Baker schools Superintendent, Ulysses Joseph, has expressed concern that the State Dept. report itself is damaging to the Baker school system. He said: "How can we expect parents to send their children to school and encourage them to participate in school when the State Department has announced that some of our teachers are doing more harm than good?"

This Baker schools incident is just a taste of what is to come as the State Department begins to apply the new value added model of teacher evaluation throughout the state. Somehow, without observing the Baker classrooms, the State Dept. representatives were able to determine that half the teachers were doing more harm than good and that the school board needed to make "personnel changes".

5 comments:

kathy said...

In other words....not even half truths.

Anonymous said...

Mr. Pastorek's "turnaround" refers to the method he would use to close traditional public schools so that they can be replaced with charters. The turnaround approach began with Race to the Top and has wreaked havoc on school systems throughout the United States. Los Angeles public schools are a glaring example. It's time for the public and the legislature to hear the truth about the newest reform methods that make way for corporate takeovers.

Anonymous said...

In case no one is paying attention, Jindal, Pastorek, Vallas, and their "cohorts" are using the "rose-colored glasses" laced with "the broken-record" approach to propagandize the results of these so-called "turnaround schools" to brain-wash the public into believing that public schools are failing so that they can be taken over and given to the private sector. I believe governors and legislators around the nation want out of the public education business because it drains their state budgets (along with pensions and insurances for state workers--including teachers). They have to make their results seem like "gold at the end of the rainbow". It is the public they need to convince so that legislators will feel the pressure to fall into line with this scheme. And so they lie. I just hope that we won't take it all, "lying down" while they are lying to us. Thanks Mike for shedding light on the true results.

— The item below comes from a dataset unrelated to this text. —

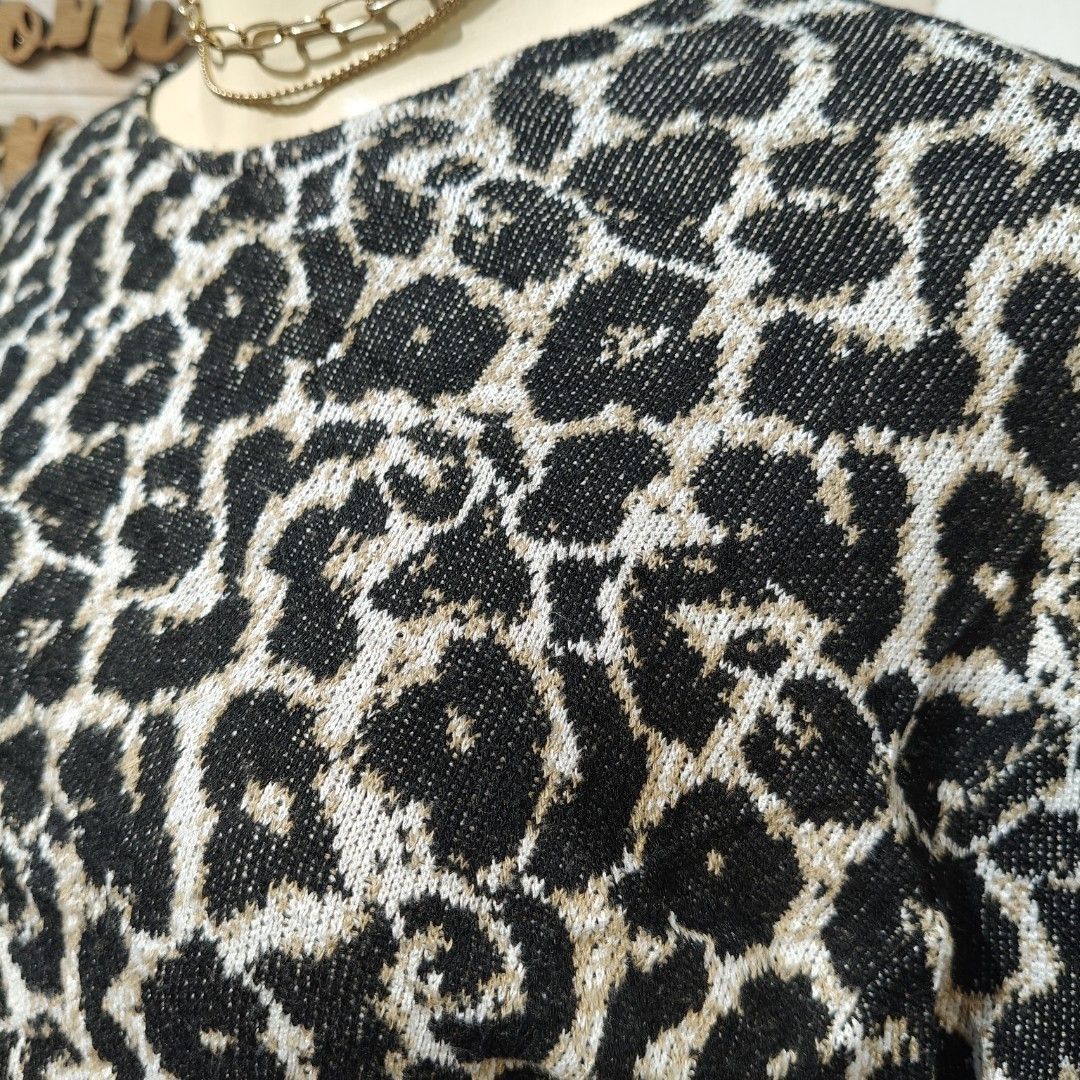 Zara Leopard Print Knit Crop Sweater Freesize (Category: Longsleeves) located in Bulacan. Submitted by alyssarys (Listing ID 1469922933, Image 2). Description: - Brand: Zara - Design: Black and beige animal print - Material: Lightweight, stretchy knit fabric - Details: Long sleeves and classic round neckline - Fit: Comfortably fits Size S to M - Origin: Made in Turkey label attached.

Debbie Meaux, LAE Vice-president

Sheryl Abshire said...

Mike....tell it like it is...for it appears few others will tell the truth...I believe this is much like the story "The Emperor Has No Clothes"....no one really wants to say what is glaringly apparent....such a sad commentary on our schools and school employees.....something I never thought I would see...our own state education leaders in the department seeking to destroy public education....I know our former State Supt Cecil Picard is aghast from his seat as he "looks down" on all of this.

Keep telling the truth, Mike...someone has to.

Karen said...

Sheryl, I agree with you. For quite some time, I have been saying, "The emperor has no clothes!" I am also amazed at the excellent educators that are just laying down, taking the abuse, and not speaking up. I was told that nearly half of our educators are not even registered to vote and therefore, the legislators are not afraid to vote against the voice of the educators, the professionals!
As one who worked with Mr. Picard and was part of his mission for TRUE school reform. I believe with all my heart that he is aghast from his seat as he "looks down" on all of this.
Shame on Pastorek for tearing apart the good schools in our education system in order to promote his ideas. Fix the broken parts, but don't ruin the whole system to gain media glory.